When the previous attempts have been followed and no progress has been made toward solving the problem(s), the child may be disenrolled from Moscow Day School at the discretion of the Director.
NOTE: Moscow Day School does not condone or tolerate the use of corporal punishment of any kind. This policy restricts parents and staff from using physical punishment on their children while on Moscow Day School property. This is defined as the use of negative physical touching (spanking, slapping, pinching, etc.), exclusion from large motor or outdoor activities, or exclusion from any learning activity. In certain instances a child may be physically restrained in order to keep the child, other children, or staff safe from harm. Also, Moscow Day School will not tolerate psychological abuse, coercion, threats, or derogatory remarks from staff, parents or students. Moscow Day School will never withhold, or threaten to withhold food as a form of discipline.
Biting is a normal part of child development. Young children bite for various reasons, such as teething or exploring a new toy or object with their mouth. Biting can also be a way for toddlers to get attention or express how they're feeling. Frustration, anger, and fear are strong emotions, and toddlers lack the language skills to deal with them. If they can't find the words they need quickly enough or can't articulate how they're feeling, they may resort to biting.

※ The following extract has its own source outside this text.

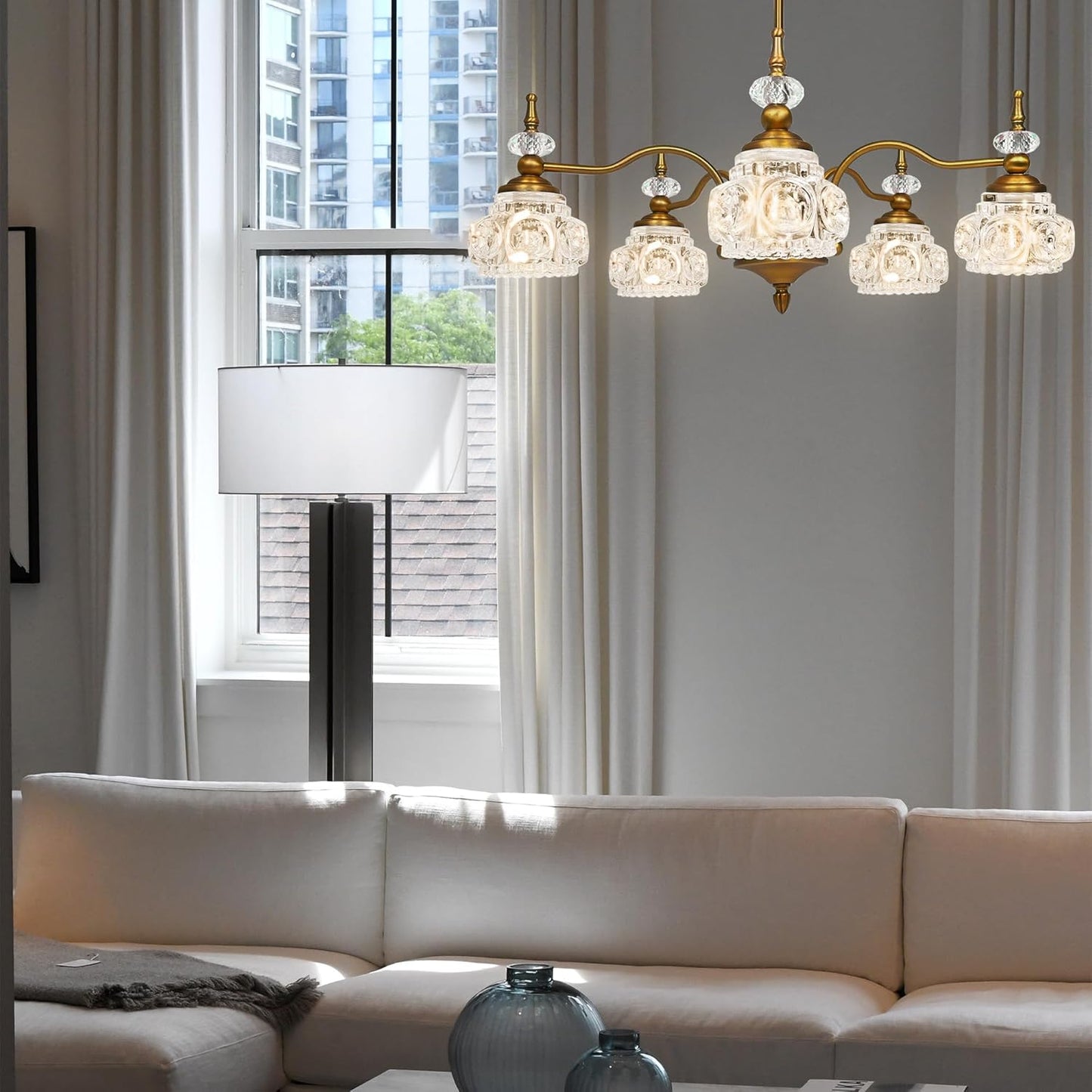 Modern living room with a chandelier, sofa, and lamp.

Biting tends to occur most often between 12-24 months of age. Biting past the age of two and a half to three is less common. For repeated biting instances with preschoolers and older, we may request a parent/teacher conference. The purpose of the conference is to discuss what may be causing the child to be upset, frustrated, confused, or afraid and therefore lead to biting. Additionally, we would develop a joint plan of action following our behavior guidance procedures listed above. If your child bites or is bitten, you and the family of the other child involved will receive an Incident/Action Report that keeps the identity of both children confidential.
Children of Executive Board Members:
In the event that the disenrollment of a child of a board member is being considered, the board member parent will be removed from the Executive Board discussion for matters pertaining to this issue. The disenrollment decision will be left to the Director and the other remaining board members.